Good, because that wasn't exactly what I was implying. I was implying
that increasing either disk cache or shared buffers to ridiculous limits
*at the expense of the other* can potentiall be wasteful and even
counter-productive.
> A good on-topic reading is "Avoid Buffered I/O" by Steve Adams
available at
> http://www.ixora.com.au/tips/avoid_buffered_io.htm
Thanks, if I ever switch from PG to Oracle, I'll keep that in mind.
Now, for a little bit of REAL WORLD experience.
Once you've got your sort memory and shared buffers to certain levels,
increasing them isn't going to help you. In my case, I increased them
until I stopped seeing performance increases, then quadrupled them anyway.
Increasing them further is *not* going to help me.

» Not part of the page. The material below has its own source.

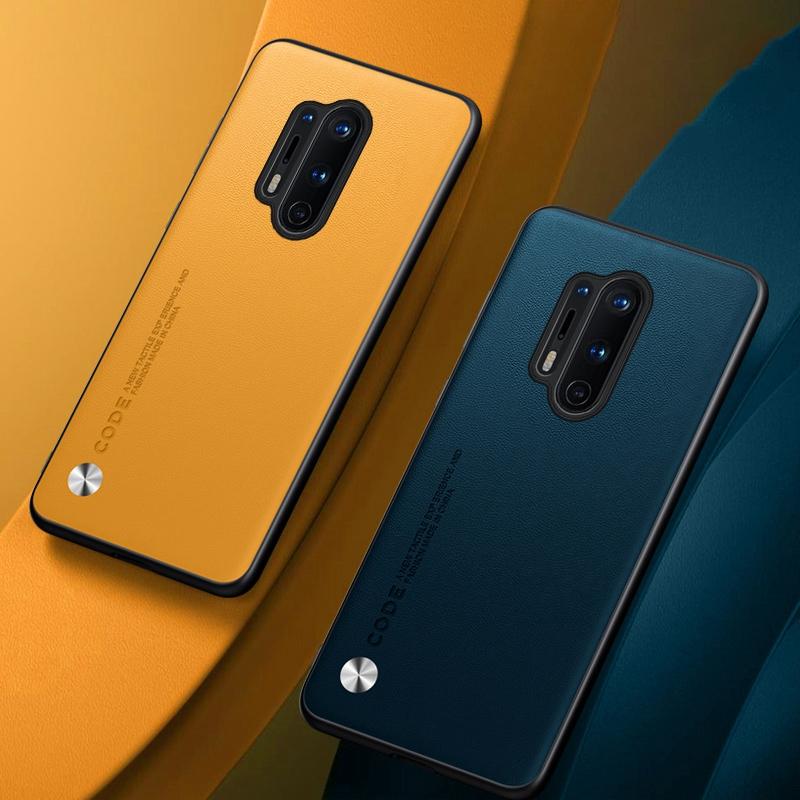 Роскошный чехол из искусственной кожи для OnePlus 8 Pro 8Pro, задняя крышка, матовый силиконовый противоударный чехол для телефона с полной защитой для One Plus 8 Pro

However, keeping the database in memory cache *does* help me. Even
under very significant load (4 processors going full-tilt!), the disk
lights only blink *occasionally*, and that's a good thing. Disk
bottlenecks really suck.
> also, I don't want to "always keep the *entire* database in disk
cache" - I
> want to keep cached only the frequently accessed parts of the data
Why? Do I/O bottlenecks excite you? If you have the RAM, not using it
is wasteful. Disks are a place to store data for when the power goes out,
not where you want to do your database work from.